Cotton price increase in the last one year have actually played a spoilsport and have not helped anyone – neither the mills, nor the retailers and of course not the consumers. It has created a lot of uncertainty in the market and is still doing so. The cotton prices had increased dramatically last year and peaked during Feb this year. However, suddenly the prices have started crashing with a better forecast of cotton production. In India, the prices have come down from almost Rs 65000 a candy (35 to Rs 42000 a candy – about 33% fall in 2 months !! Internationally , also prices have been reducing on a similar note :
|Month||Price Per Candy||Price Per Kilo in Rs||Price per kilo in USD(@Rs45/USD)||Difference|
|Feb 2011||63000||Rs 177||3.93|
|May 2011||42000||Rs 118||2.62||-33%|
The movement of international cotton prices over the last year can also be seen here.

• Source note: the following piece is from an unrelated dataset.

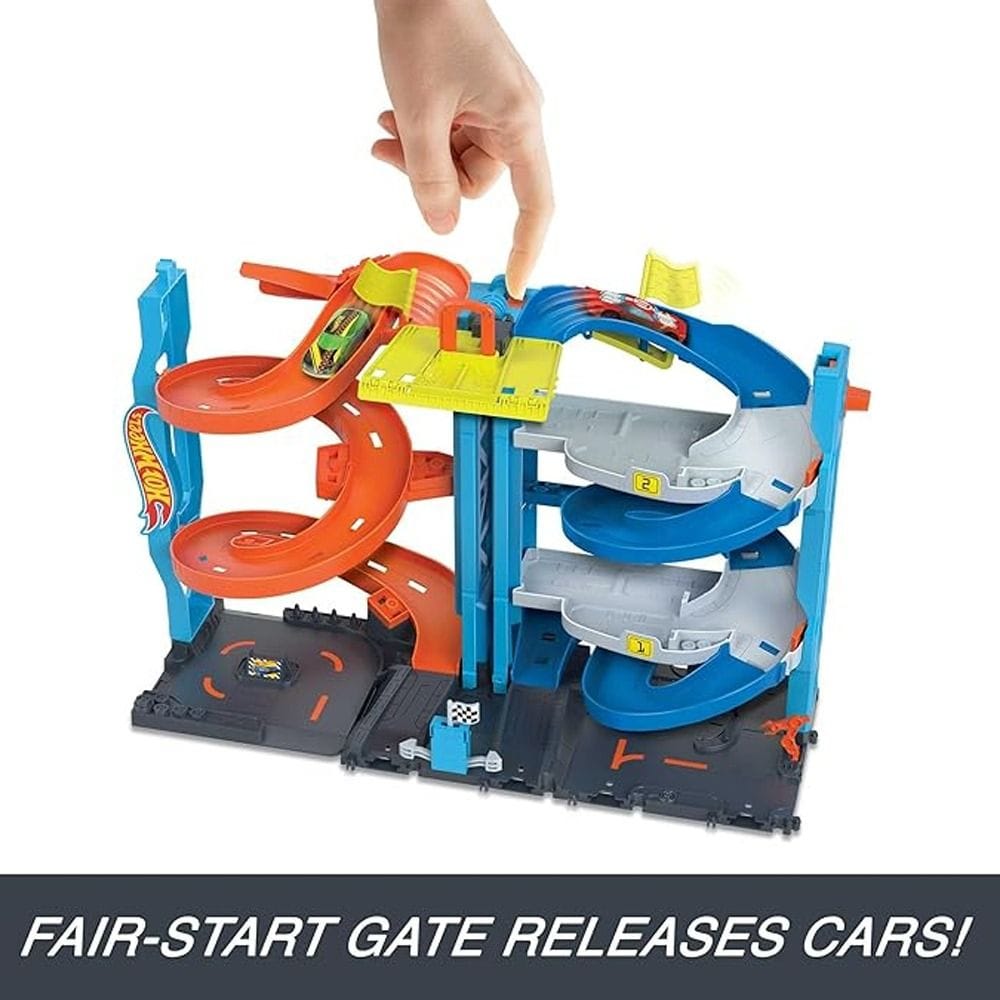 Hot Wheels City Transforming Race Tower Playset 3+ Years, High-Speed Two-Car Racing Action, Dual-Side Elevator Feature - 194735109654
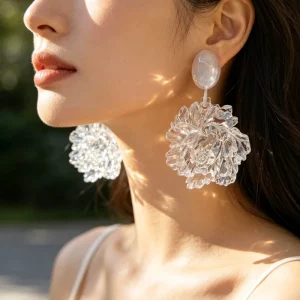 Camellia Flower Fashionable Three Dimensional Flower Earrings High End Resin Earrings Luxurious and High End Feeling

The outlook of future prices of cotton also do not look that good. The crop for 2011-12 is expected to be very good at about 127 million bales with cotton planting around the world projected to rise by 7% in 2011/12 to 36m hectares– the largest in 17 years.. The cotton futures market in US is projecting prices much lower than current levels . See below :
The international retailers too had to bear the brunt of the cotton price increases. Many of them could not pass on the price increases in the denim and other fabrics to their consumers. Eg GAP management said late thursday
“….second-half product costs per-unit, factoring rising cotton and other costs, are now expected to rise about 20%, more than it anticipated, as it began to purchase goods for the holiday season. Its lower-priced channels such as Old Navy and the outlet stores that compete on price would be hit the hardest and would have the least room to pass on any cost increases…..”
Gap has been testing the depth, frequency and length of discounts to help offset margin pressure. It plans to be less promotional and experiment with marketing ideas to drive traffic that do not involve discounting.For instance, at the company’s struggling Gap brand in the U.S., instead of having a 40% off the entire chain, the company plans to have promotions such as 40% off women’s products excluding denim, he said.
Similarly , many other retailers have not been able to pass on the increase in sourcing costs to their consumers and are feeling the heat of increased costs.
Now, with falling prices of cotton, the mills will be faced with the prospect of reducing prices for the retailers and other customers when already many of them have a stock of 3-4 months of cotton at higher prices. It would be a double whammy for the mills as they try to deal with their customers again and try to hold on their prices as costs have not gone down.
Another problem related to exports for denim mills in India would be the DEPB – a scheme under which they got incentive of about 7.5% on exports is coming to an end and being replaced by Duty drawback scheme where they would get almost 4% less. This would further shave off another 4% from the margin of exporters and will not give any help .
As mentioned before, the strike by garment manufacturers in India – which lasted about a month , left a huge impact for both fabric and spinning mills. The companies are reeling under the impact of the reduced production for this time which can hardly be covered up . Most of the spinning mills are running under capacity and holding huge stocks with prices of yarns falling on a daily basis.
It is hoped that the market would get some sanity after end of June when demand starts to pick up for festive season .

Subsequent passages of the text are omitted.